Stop-motion animation is particularly well-suited to the fantastic. By carefully controling every movement, either drawn or positioned, Green can depict angels sprouting from someone’s ear, or a gutter collecting an endless downpour of nails. He can move live actors around like puppets, their mouths opened and closed, and their bodies sometimes strung up on wires. In the spectacular car crash where Mary and Leonard meet, for instance, Leonard flies through the windshield of Mary’s car and lands in the passenger seat unscathed. Physics, in Green’s hands, is flexible. Yet while he brazenly defies gravity, we’re more often reminded of its weight. Here, animation leans against mortal laws even it can’t break.

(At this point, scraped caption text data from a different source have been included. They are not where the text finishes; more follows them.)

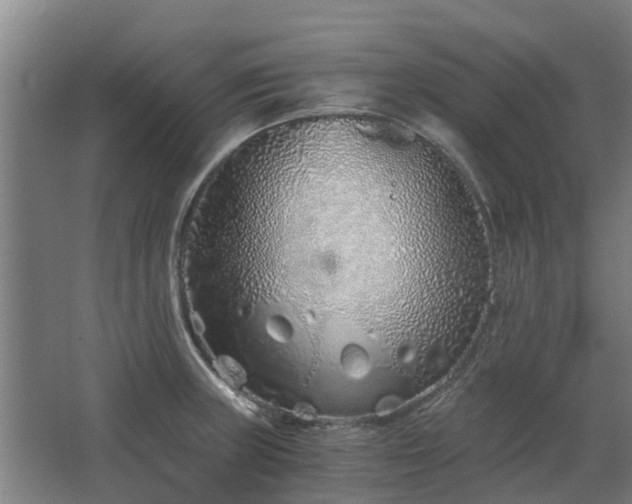 X0000068731235200605010951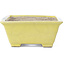 Pot à bonsaï rectangulaire jaune par Terahata Satomi Mazan - 154 x 135 x 60 mm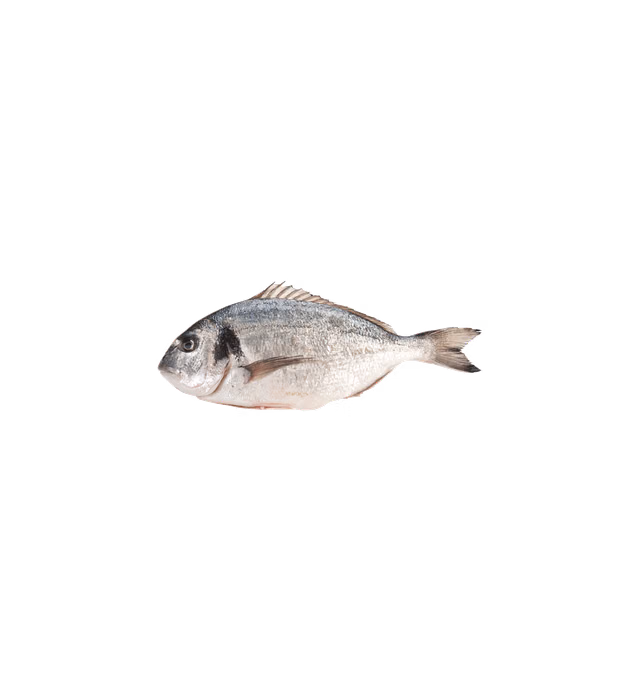 Seabream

Green, like Leonard, keeps pushing against them anyway. Mary dies, but she resurrects on stilts. We see her standing next to the roof, her elongated nightgown hanging over spindly, 20-foot wooden legs. Even after she’s gone, Leonard dedicates himself to the task of building all the more zealously, stretching the house taller, wider, and weirder, with new rooms stuffed inside and each distended window painted a different color.

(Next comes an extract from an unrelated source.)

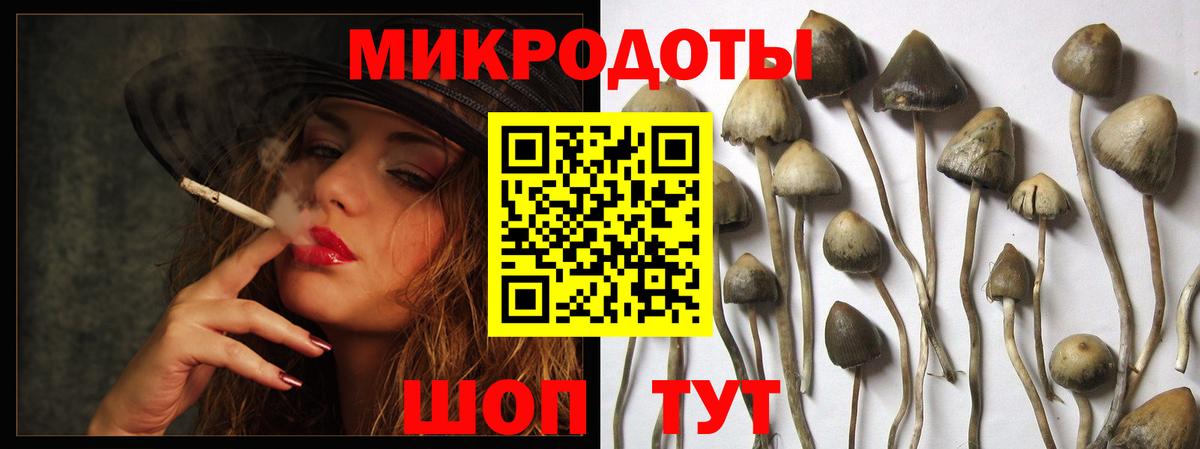 Псилоцибиновые грибы Magic Shrooms Истра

Green takes the outline of Leonard and Mary’s story and, without losing its heavy, anguished heart, animates it with unexpected life. With a knotty, hand-wrought aesthetic that complements his warbly narration, he creates a kind of rural baroque. Household objects—a stove, a chair, a handful of bird eggs—loom both ordinary and otherworldly. Their entire world choreographed to an erratic flicker, Leonard and Mary move at the same tempo as the rain falling in their kitchen or the painted sounds emanating from the phonograph-horns attached to the piano. Though Green’s labor is evident, to be sure, the film’s imagery feels remarkably unfettered. In one of Gravity’s saddest, strangest scenes, Leonard fits a halo of light bulbs around his dead wife’s head, bathing her in a reverent, incandescent glow. Here invention becomes its own form of the miraculous simply because it hazards, with blistered palms and bleary eyes, to imagine it.
Though the film is ostensibly about Leonard and Mary, its gravitational pull comes from Green. As much as he aims to structure their story, his narration keeps unraveling it—at times plaintive, at times angry, and always charged with a feverish urgency. For him, Leonard’s spiritual dilemma remains insoluble, and at every turn he rails against his earnest appeals to a God who doesn’t exist enough to hear. Green seems to want to protect Leonard from his faith in false expectations, to burst the bubble, but he knows it’s that faith, and the house it made, that brought him to Leonard in the first place.
Did Leonard really believe that the healing machine could save his wife? In the film, matters of faith are beside the point. Instead, Gravity gives us devotion, that which one does with one’s hands and one’s heart. “You have to build your own world,” Green’s narration concludes. While it might have been easy to dismiss Leonard’s actions as eccentric, melancholic, or spiritually misguided, he surveys the remains of their Edisonian result with genuine awe. Leonard kept building for as long as he could, and he turned his home into not a machine but a monument. Rebuilt by Green, and captured in pixels, it continues to grow, transform, and survive in ways far beyond the intentions of its inventor’s mind.
Genevieve Yue is a critic based in Los Angeles, where she is also pursuing a PhD in film studies at the University of Southern California. Her writings have appeared in Reverse Shot, Film Comment, Moving Image Source, and Senses of Cinema.